**SUPPLIED ENTRIES:**
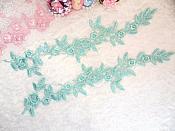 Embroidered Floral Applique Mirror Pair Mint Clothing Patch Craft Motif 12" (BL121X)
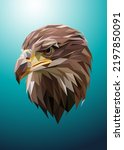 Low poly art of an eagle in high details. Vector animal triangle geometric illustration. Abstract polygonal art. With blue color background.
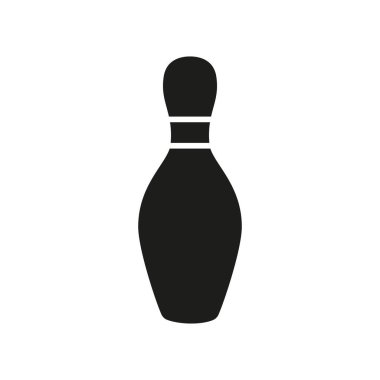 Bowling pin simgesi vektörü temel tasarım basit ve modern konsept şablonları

...

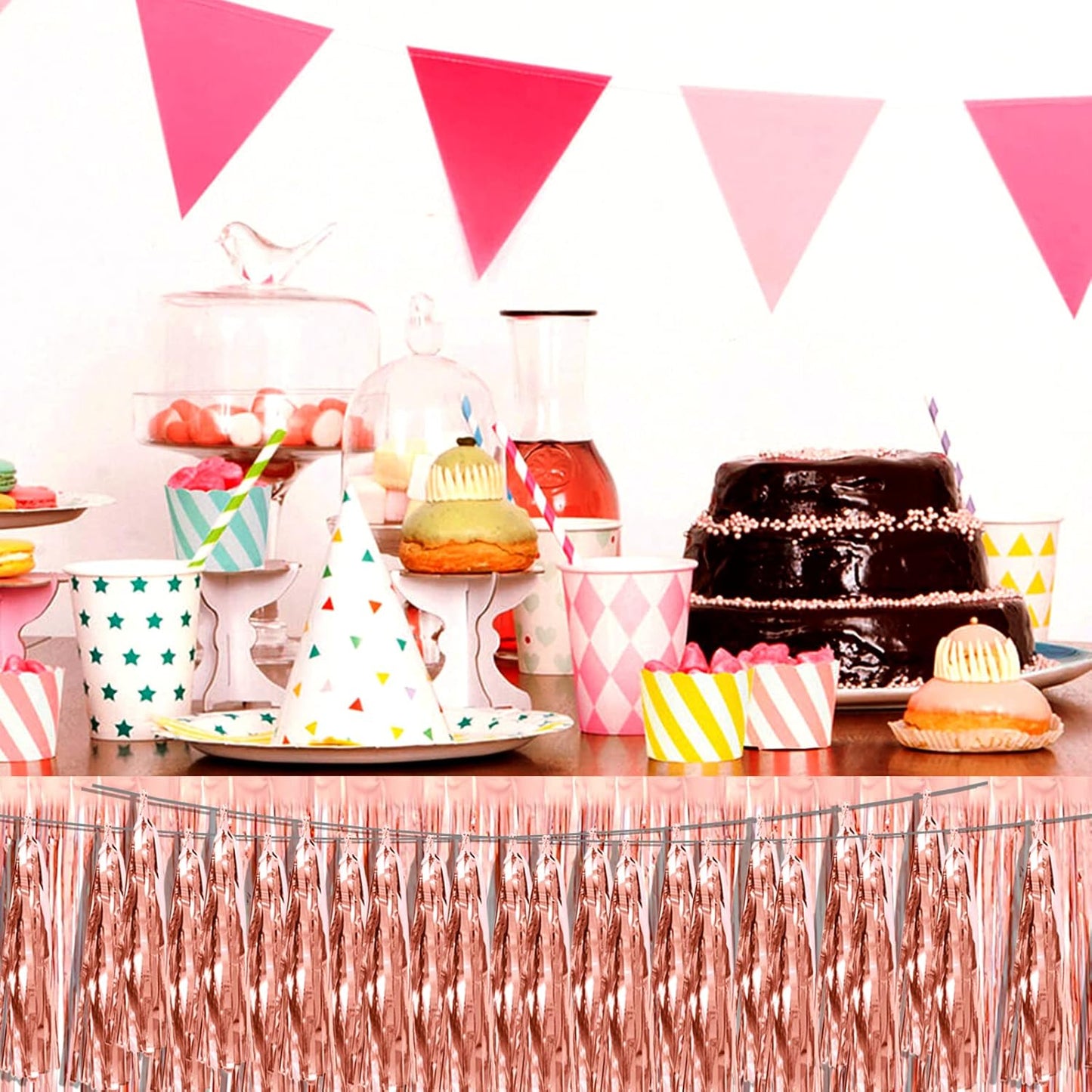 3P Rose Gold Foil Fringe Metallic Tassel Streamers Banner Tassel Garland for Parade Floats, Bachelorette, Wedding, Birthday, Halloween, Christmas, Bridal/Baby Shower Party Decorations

...

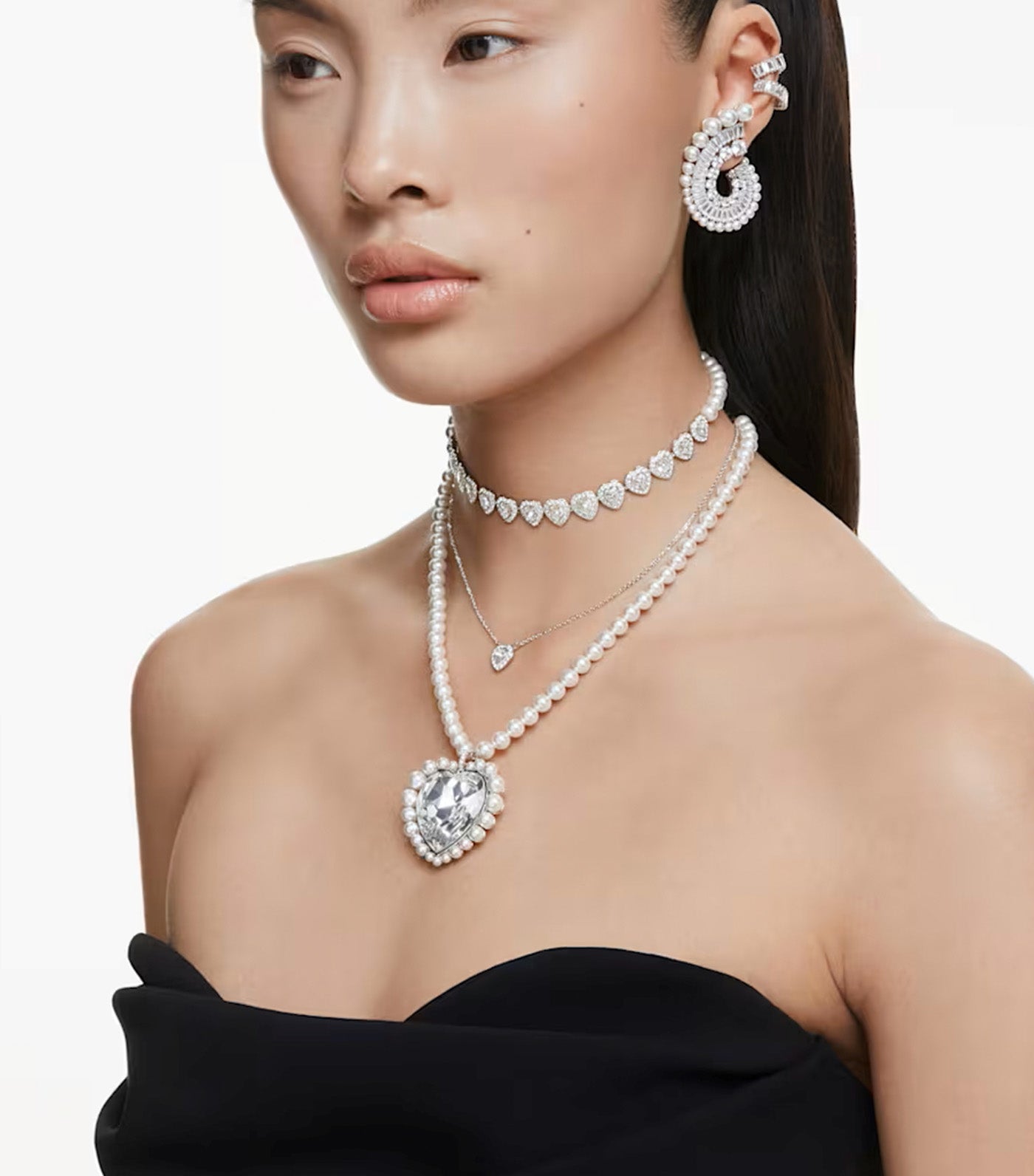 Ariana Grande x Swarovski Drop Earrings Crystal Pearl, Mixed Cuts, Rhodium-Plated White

**AIM OF THE EXERCISE:** Both the line above containing "Embroidered Floral Applique" and the line containing "Bowling pin simgesi" belong in the copy, along with every line between them; print these exactly and omit the pictures.

**EXERCISE SOLUTION:**
 Embroidered Floral Applique Mirror Pair Mint Clothing Patch Craft Motif 12" (BL121X)
 Low poly art of an eagle in high details. Vector animal triangle geometric illustration. Abstract polygonal art. With blue color background.
 Bowling pin simgesi vektörü temel tasarım basit ve modern konsept şablonları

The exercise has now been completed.